Start of Dataset

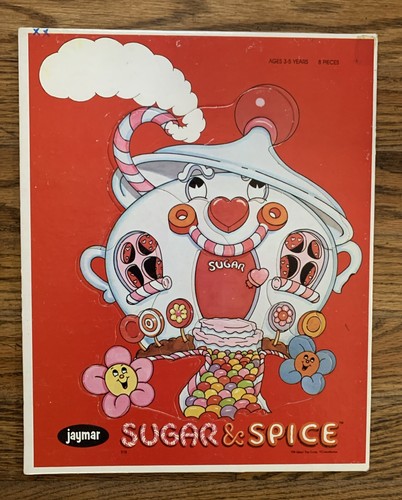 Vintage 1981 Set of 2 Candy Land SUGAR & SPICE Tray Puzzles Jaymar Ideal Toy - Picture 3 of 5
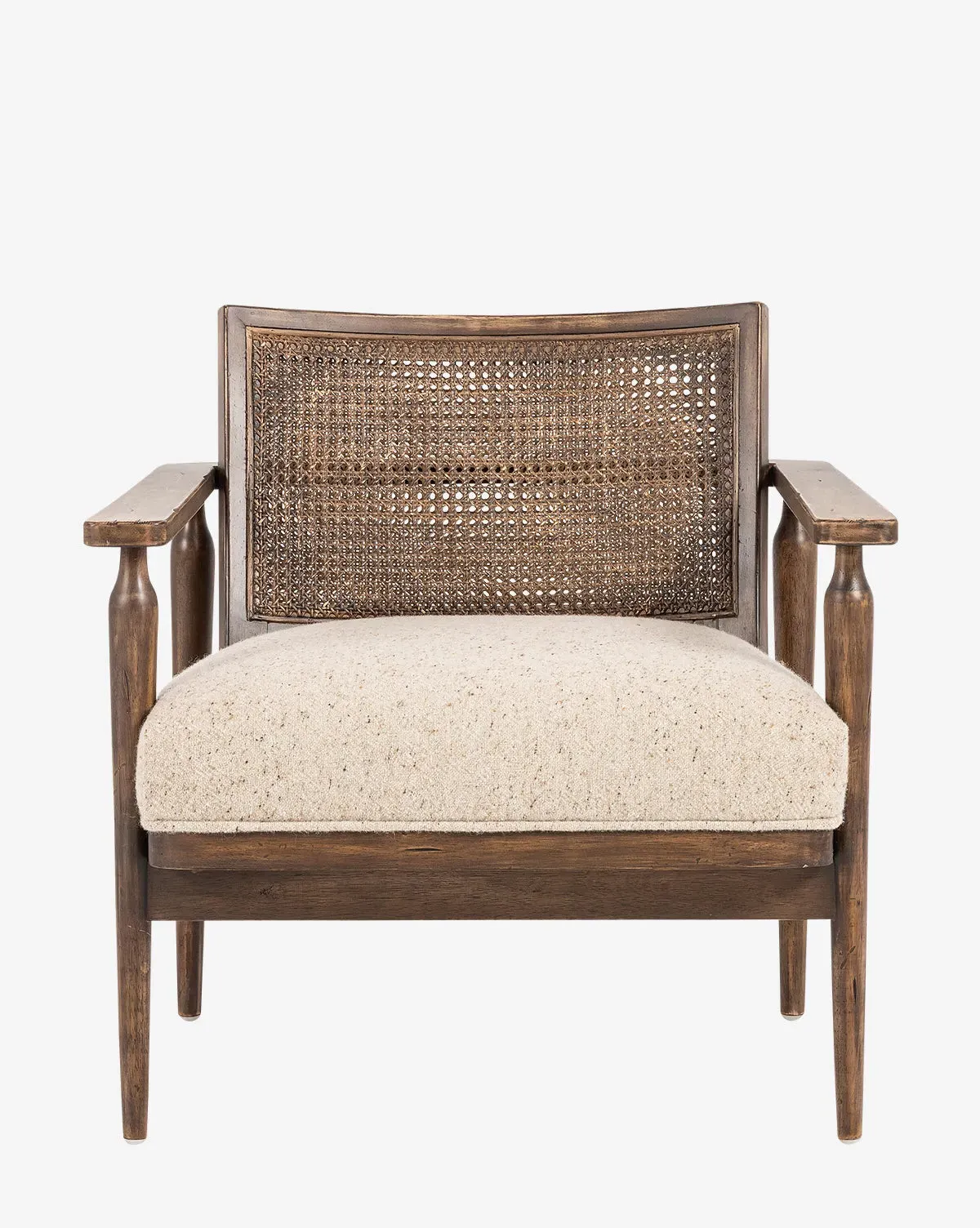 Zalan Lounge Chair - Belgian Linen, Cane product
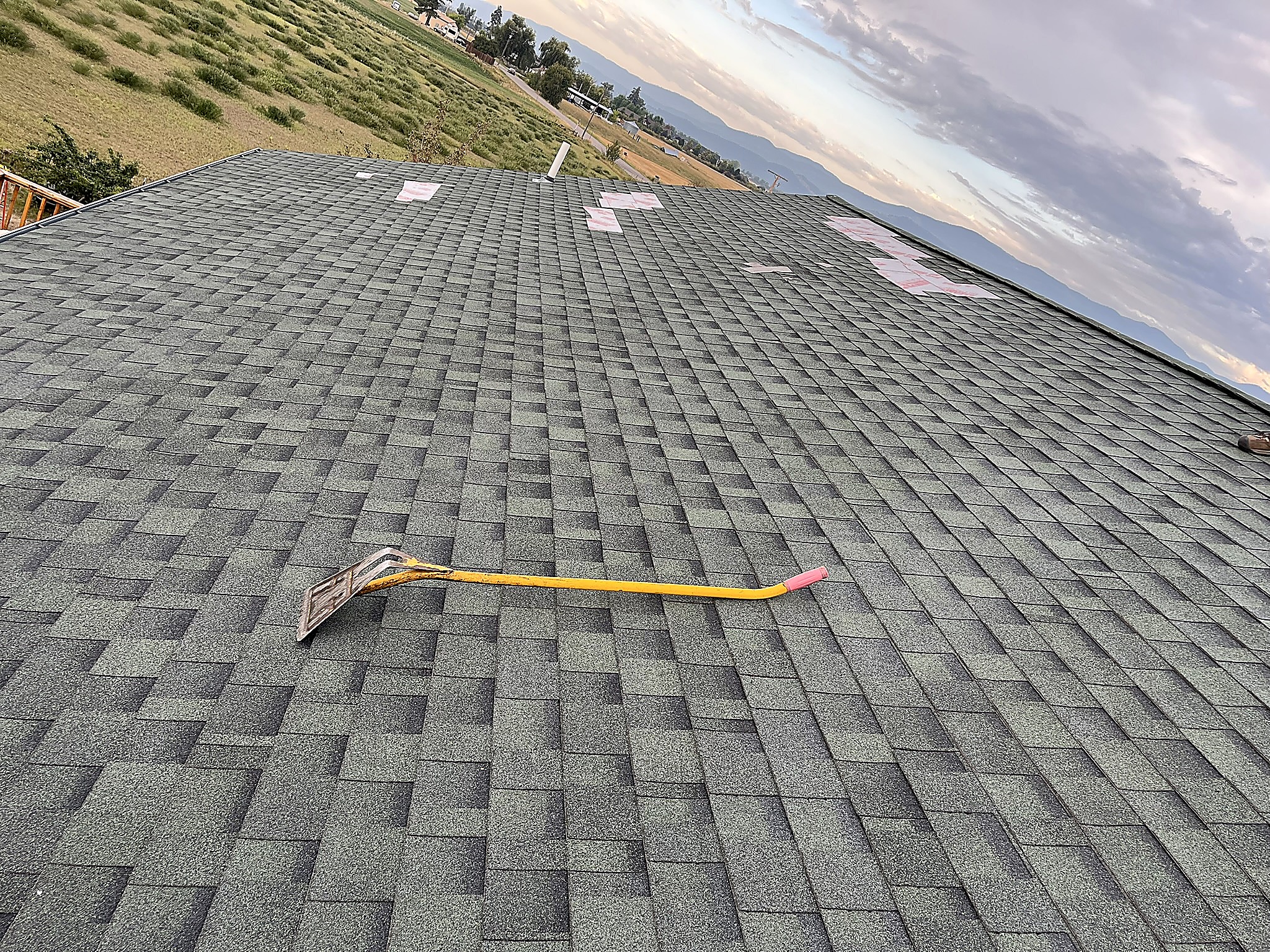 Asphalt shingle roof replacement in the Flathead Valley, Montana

End of Dataset
Start of Dataset

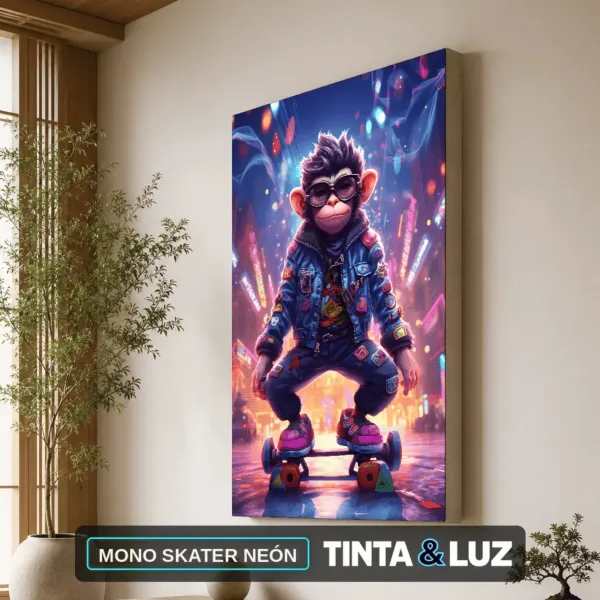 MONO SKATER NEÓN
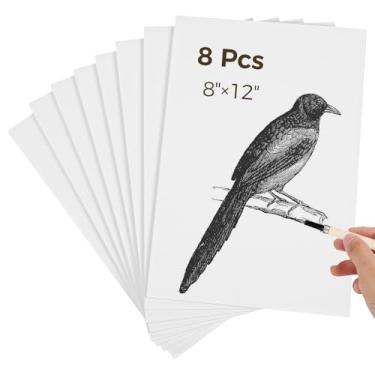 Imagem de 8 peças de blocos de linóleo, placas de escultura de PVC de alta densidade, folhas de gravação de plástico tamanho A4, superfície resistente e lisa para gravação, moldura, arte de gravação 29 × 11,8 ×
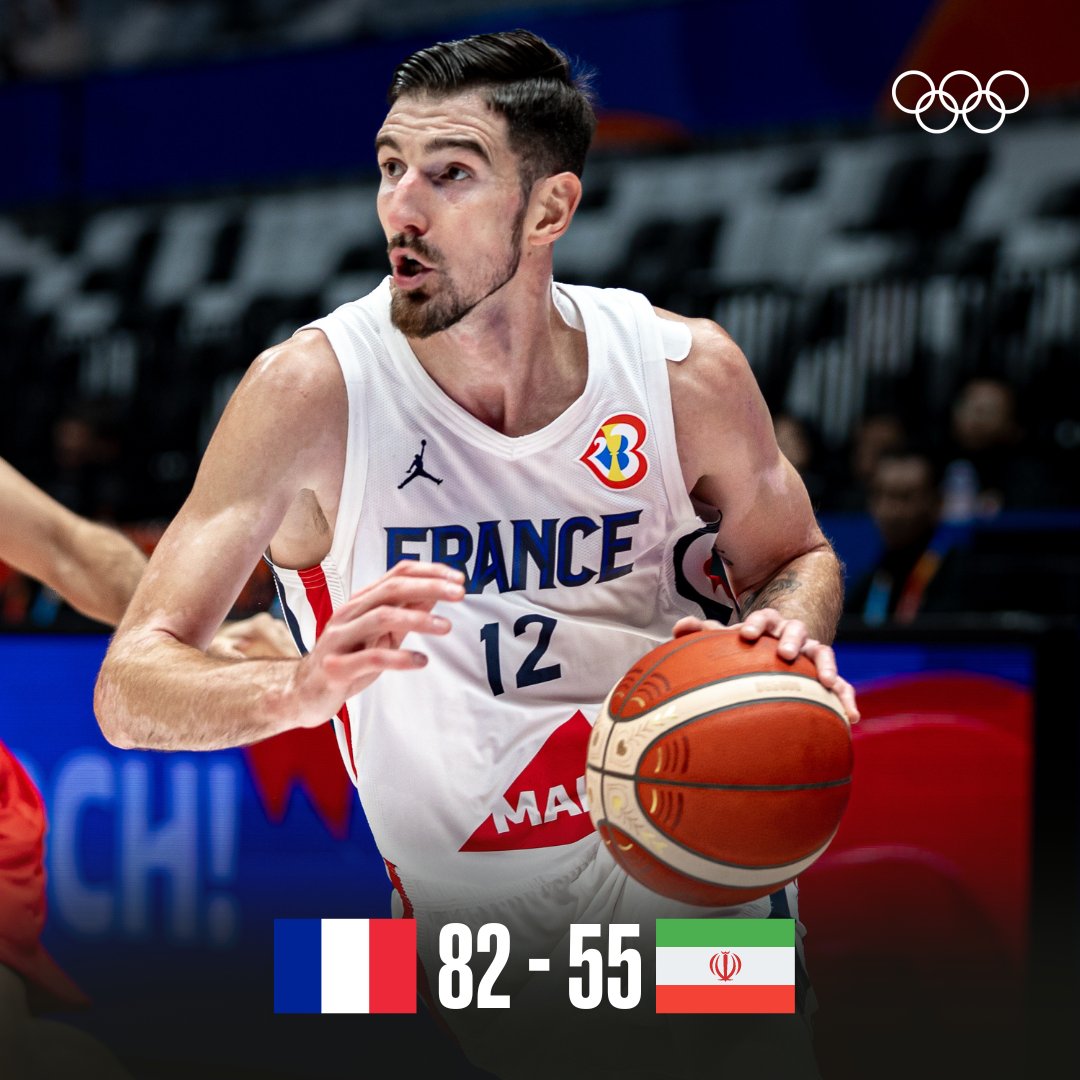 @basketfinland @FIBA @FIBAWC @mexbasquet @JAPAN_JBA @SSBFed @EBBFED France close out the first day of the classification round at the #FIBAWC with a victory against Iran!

End of Dataset

[Problem requirements]: What are the lines in the records above, word for word, from the one containing "Vintage 1981 Set" through the one containing "Asphalt shingle roof", both ends included and pictures left out?

[Solved exercise]:
 Vintage 1981 Set of 2 Candy Land SUGAR & SPICE Tray Puzzles Jaymar Ideal Toy - Picture 3 of 5
 Zalan Lounge Chair - Belgian Linen, Cane product
 Asphalt shingle roof replacement in the Flathead Valley, Montana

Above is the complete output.